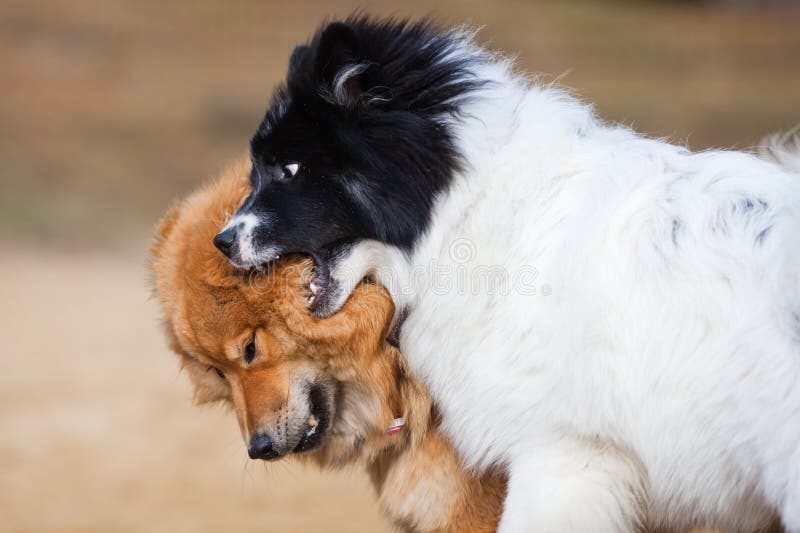 Two Elo dogs playing together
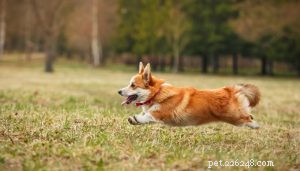 Effective Training Strategies for Your Cardigan Welsh Corgi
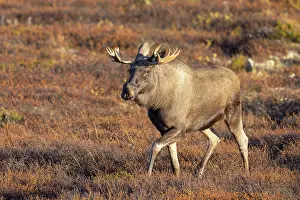 Alces: Moose bull autumn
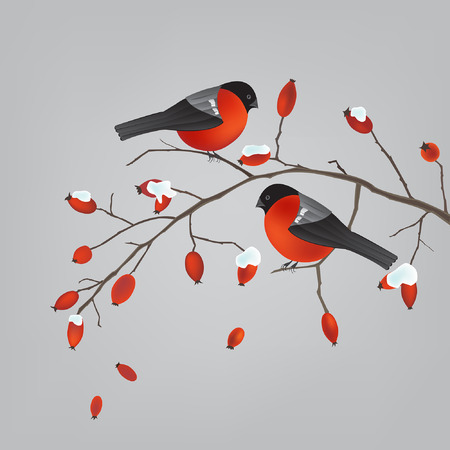 Two robins on a wild rose hips branch with snowのイラスト素材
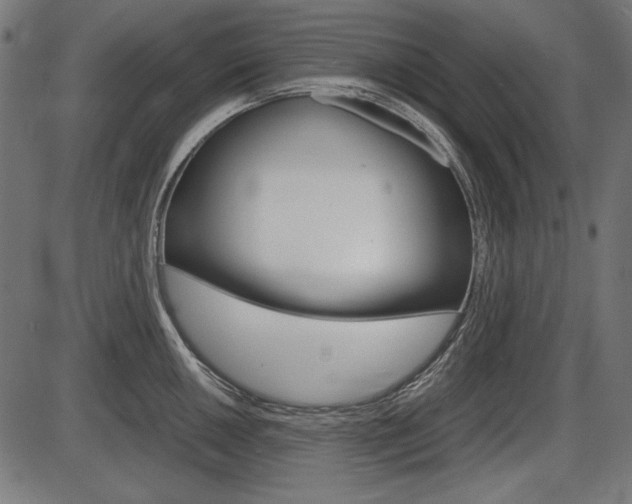 X0000087541050200704270919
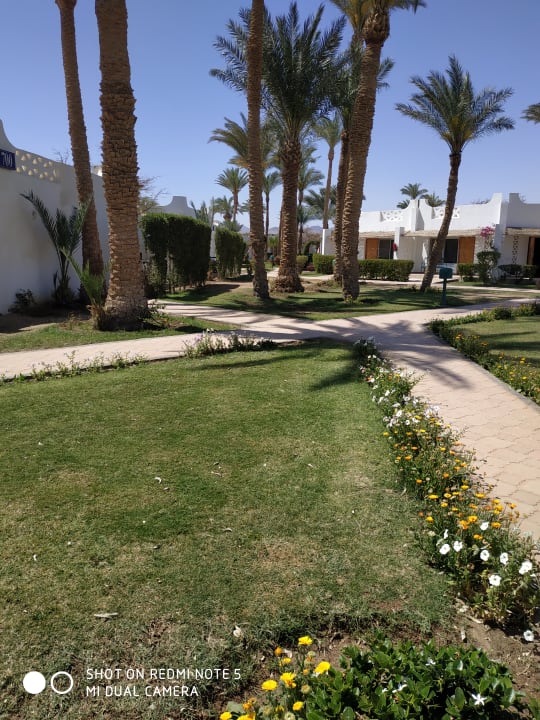 Gartenanlage Shams Safaga Resort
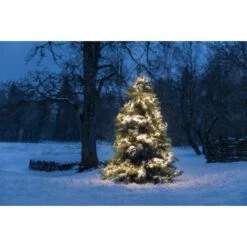 Konstsmide Micro LED Büschelllichterkette Cluster 576 Dioden, 36V Außen Trafo -Konstsmide Verkäufe 122706 1533 5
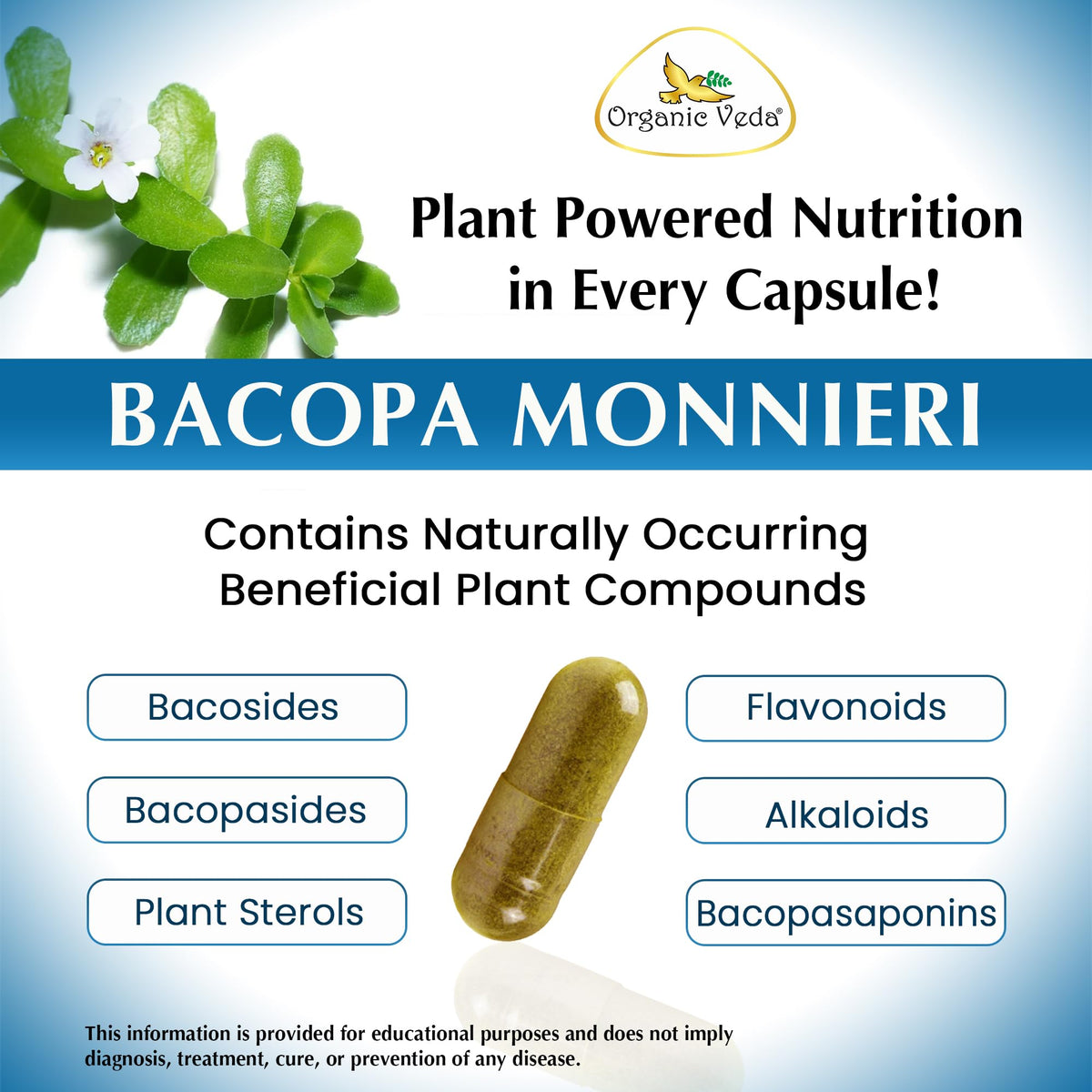 Organic Veda Bacopa Monnieri Brahmi Supplement - 120 Vegan Capsules - image 7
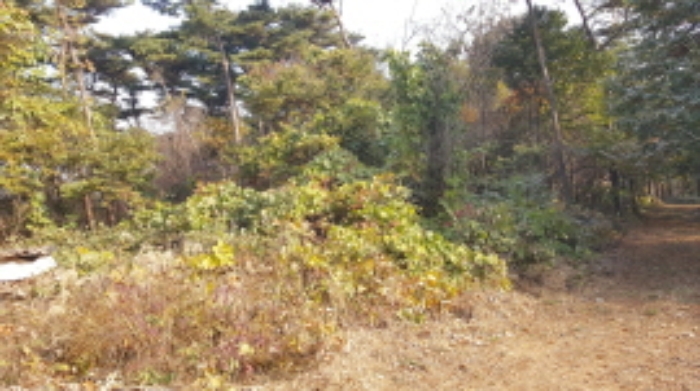 인천지법 2017타경31878-1 사진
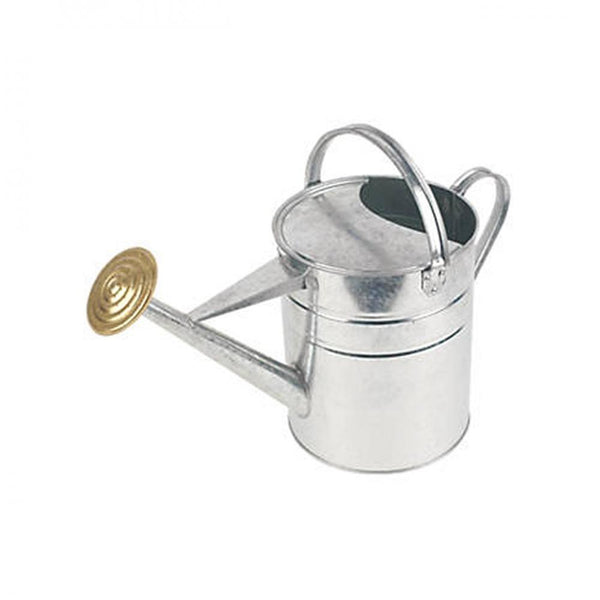 Galvanised Watering Can - 2 Gallon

◆ EXERCISE OBJECTIVE: Please copy exactly the lines from the one that contains "Alces: Moose bull autumn" through the last line of the listing above, leaving out the pictures.

◆ RESULT OF THE EXERCISE:
 Alces: Moose bull autumn
 Two robins on a wild rose hips branch with snowのイラスト素材
 X0000087541050200704270919
 Gartenanlage Shams Safaga Resort
 Konstsmide Micro LED Büschelllichterkette Cluster 576 Dioden, 36V Außen Trafo -Konstsmide Verkäufe 122706 1533 5
 Organic Veda Bacopa Monnieri Brahmi Supplement - 120 Vegan Capsules - image 7
 인천지법 2017타경31878-1 사진
 Galvanised Watering Can - 2 Gallon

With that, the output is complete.